Influenced by ’80s West African music (highlife, afrobeat, & disco) and contemporary R&B, the six-track EP is a celebratory body of work. “Tales By Moonlight,” inspired by an ’80s Nigerian TV show that holds the same name, is a joyous glimpse into a date spent under the glistening night sky.

A Night Like This represents the coming together of my two different upbringings across London and Lagos,” Dan shares, “and embracing that merger, not only in my music but also as a man, owning where I’m from and wearing that with pride and in love.”

Simply put, A Night Like This is a story of love – carefree and unconditional.
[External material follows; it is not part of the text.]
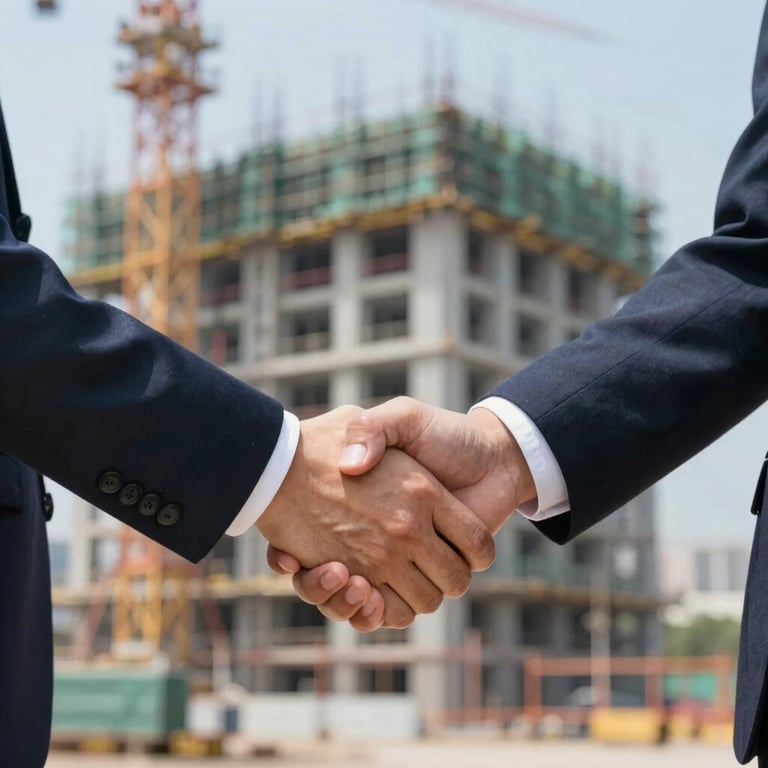 A firm handshake between two professionals in front of a construction site, emphasizing trust and partnership. Professional attire.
We chatted to Onkar about the release of his new project and the artistic influences in his work.

You’ve just released your new EP A Night Like This – could you tell us a little more about the project?

A Night Like This is a creative turn for me in genre, production, and writing. I wanted to create something that was fun, something that told you a story about something and didn’t burden you with anything. It’s a story about love – a love that’s fun and doesn’t hurt, a love that you’re sure of. Imagine you went on holiday to a remote island and you fell in love but you had only the duration of this holiday to enjoy this love. You’d do everything that makes you happy, void of the consequences of real life, like work or bills or anything that brings you stress. You would probably stargaze, something you almost certainly can’t do in London.

Do you have a favorite single from the collection?

“In The Morning” – I think the production is beautiful on that one. Nosa Apollo sent a 30-second clip to me when he started it and instantly I knew how I wanted the song to sound. Ultimately, it just carries the type of joy I want people to feel when they are listening to the project.

You mention artists such as Luther Vandross, Usher, and Fela Anikulapo Kuti as prominent inspirations in your work. What is it about these musicians that inspires creativity?

Luther Vandross has something in his music that forces me to play his entire discography every time I listen to any one of his songs. His voice, his story, it’s all amazing – sad and exciting at the same time. Usher has, in my opinion, the best R&B album with Confessions and Fela was, and still is, the voice of a generation. His music spoke for people that couldn’t speak their mind. He had a vision and a belief and he never swayed from it.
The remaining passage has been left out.